# PROBLEM DETAILS
The copy should hold exactly the lines below from the one that contains "4220 Rue des" through the one that contains "Vujović: Mandić sprovodi" and nothing else, so no pictures.

# RECORDS PROVIDED
___
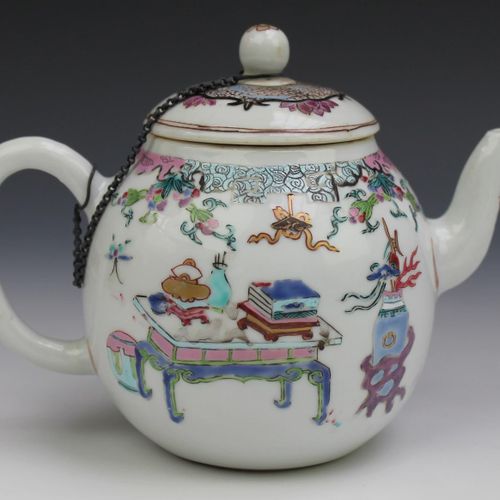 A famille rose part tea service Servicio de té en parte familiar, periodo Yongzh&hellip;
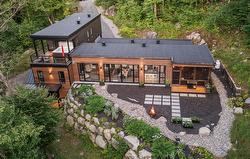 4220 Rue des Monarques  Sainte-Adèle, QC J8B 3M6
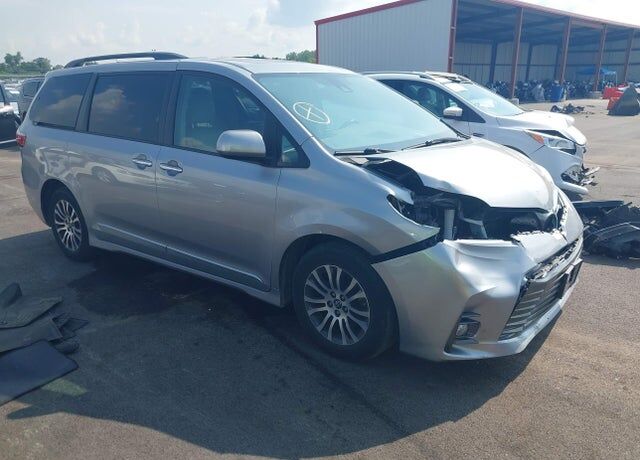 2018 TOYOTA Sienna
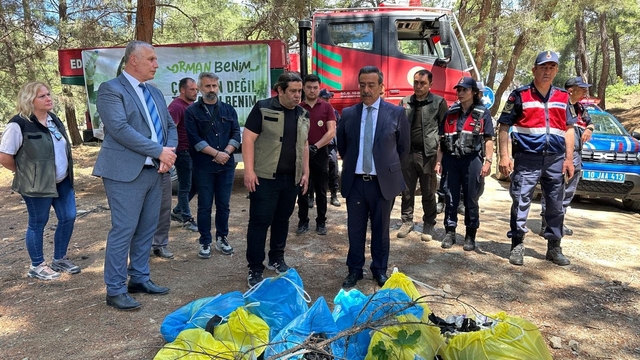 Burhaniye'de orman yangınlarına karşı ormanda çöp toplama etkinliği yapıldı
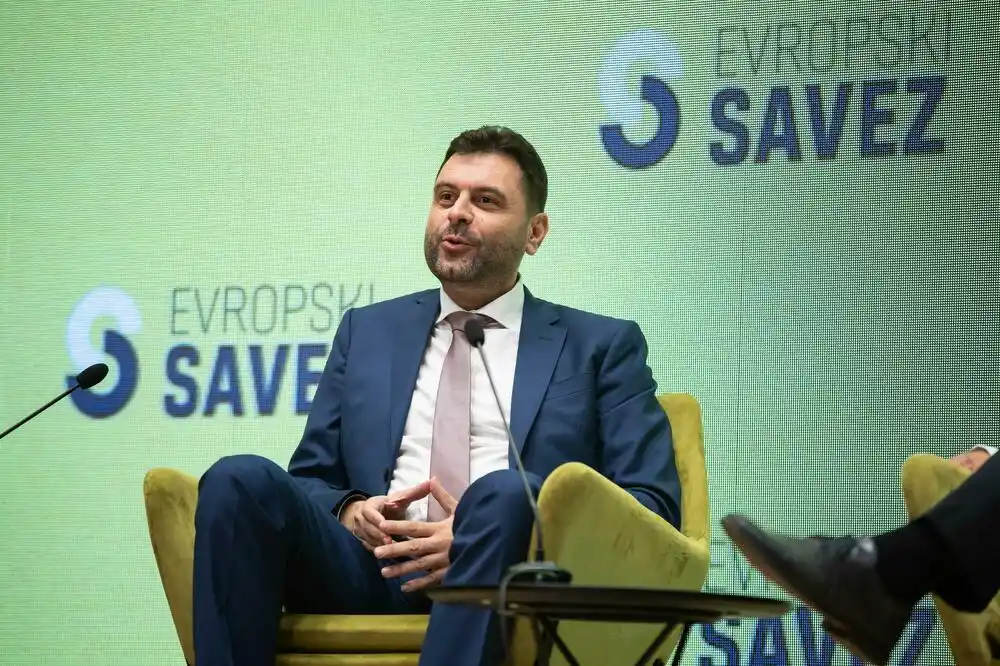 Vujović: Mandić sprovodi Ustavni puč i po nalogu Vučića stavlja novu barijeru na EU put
___
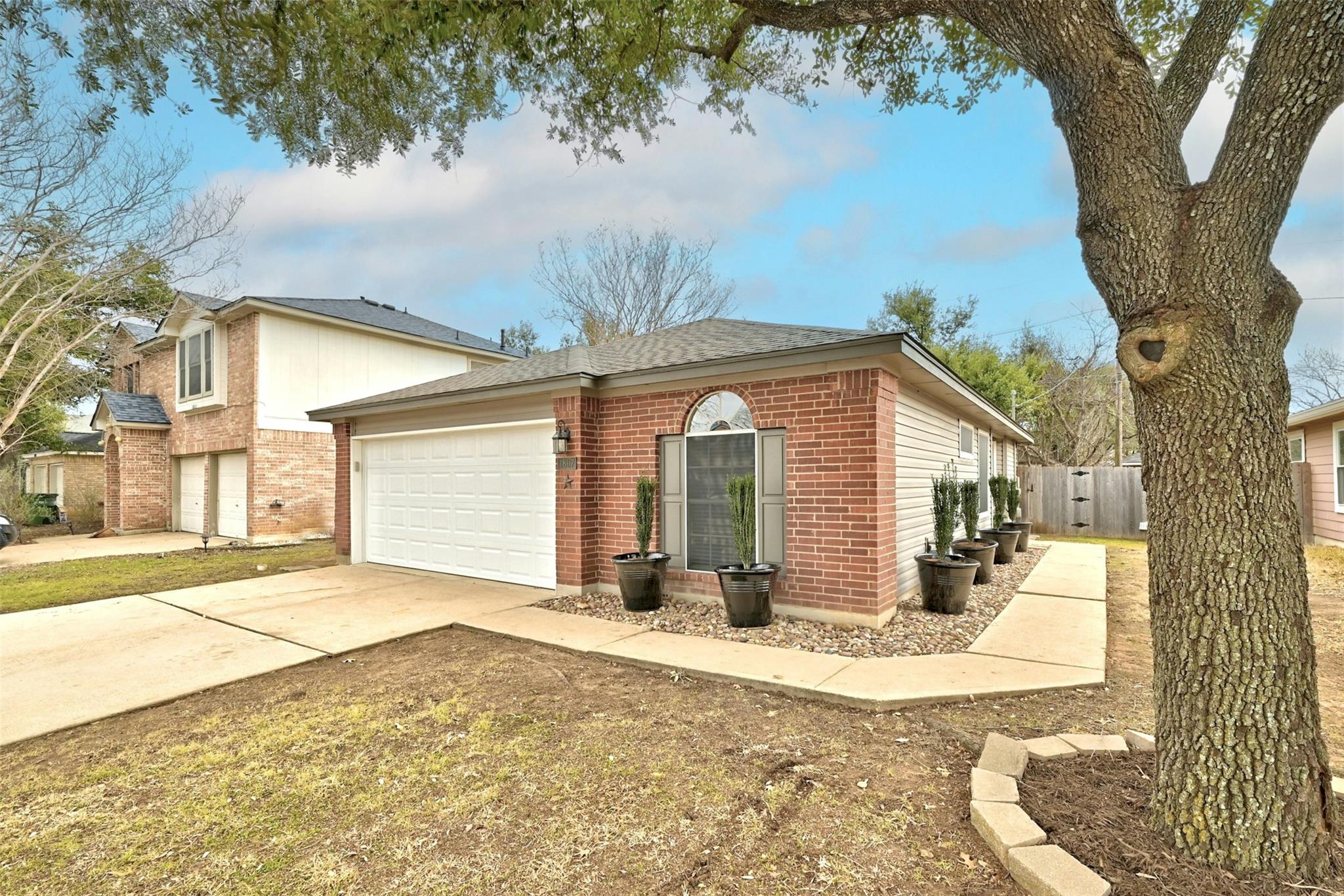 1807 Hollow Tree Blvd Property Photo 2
___
# ANSWER SECTION
 4220 Rue des Monarques  Sainte-Adèle, QC J8B 3M6
 2018 TOYOTA Sienna
 Burhaniye'de orman yangınlarına karşı ormanda çöp toplama etkinliği yapıldı
 Vujović: Mandić sprovodi Ustavni puč i po nalogu Vučića stavlja novu barijeru na EU put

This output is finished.